"Fashion" is the word to look for; copy each line of the listing where it occurs.

--*--

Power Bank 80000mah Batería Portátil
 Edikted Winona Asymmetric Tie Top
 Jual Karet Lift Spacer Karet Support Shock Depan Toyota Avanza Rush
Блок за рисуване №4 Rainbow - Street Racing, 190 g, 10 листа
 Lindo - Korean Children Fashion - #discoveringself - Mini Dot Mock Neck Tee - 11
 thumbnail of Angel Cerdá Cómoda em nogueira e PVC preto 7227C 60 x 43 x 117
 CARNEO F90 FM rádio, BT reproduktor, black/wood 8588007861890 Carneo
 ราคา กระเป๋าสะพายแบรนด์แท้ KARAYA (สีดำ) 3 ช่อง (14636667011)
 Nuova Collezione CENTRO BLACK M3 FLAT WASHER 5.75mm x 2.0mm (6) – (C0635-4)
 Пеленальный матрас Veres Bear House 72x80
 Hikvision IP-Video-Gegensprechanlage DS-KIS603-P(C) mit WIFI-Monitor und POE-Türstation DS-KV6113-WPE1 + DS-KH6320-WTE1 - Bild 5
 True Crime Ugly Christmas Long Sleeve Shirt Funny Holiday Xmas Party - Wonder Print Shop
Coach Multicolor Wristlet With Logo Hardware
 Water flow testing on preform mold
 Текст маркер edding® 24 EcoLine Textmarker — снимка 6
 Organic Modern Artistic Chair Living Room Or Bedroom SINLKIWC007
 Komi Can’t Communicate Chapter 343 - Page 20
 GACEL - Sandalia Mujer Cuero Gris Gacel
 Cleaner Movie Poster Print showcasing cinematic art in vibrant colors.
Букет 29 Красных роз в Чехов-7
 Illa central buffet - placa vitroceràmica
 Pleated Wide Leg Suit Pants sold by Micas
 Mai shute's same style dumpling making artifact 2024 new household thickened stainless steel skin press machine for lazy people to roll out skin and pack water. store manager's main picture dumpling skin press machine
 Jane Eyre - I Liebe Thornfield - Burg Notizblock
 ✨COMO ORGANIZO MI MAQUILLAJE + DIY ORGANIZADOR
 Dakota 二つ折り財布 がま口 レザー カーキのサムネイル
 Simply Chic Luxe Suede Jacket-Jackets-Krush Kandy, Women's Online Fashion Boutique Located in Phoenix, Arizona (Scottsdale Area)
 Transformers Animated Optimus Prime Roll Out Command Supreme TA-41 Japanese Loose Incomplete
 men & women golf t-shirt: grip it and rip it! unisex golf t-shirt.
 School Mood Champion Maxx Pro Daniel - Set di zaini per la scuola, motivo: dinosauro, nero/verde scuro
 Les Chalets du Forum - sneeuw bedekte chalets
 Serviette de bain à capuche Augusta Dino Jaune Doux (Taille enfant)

--*--

- _OUTPUT OF THE EXERCISE_
 Lindo - Korean Children Fashion - #discoveringself - Mini Dot Mock Neck Tee - 11
 Simply Chic Luxe Suede Jacket-Jackets-Krush Kandy, Women's Online Fashion Boutique Located in Phoenix, Arizona (Scottsdale Area)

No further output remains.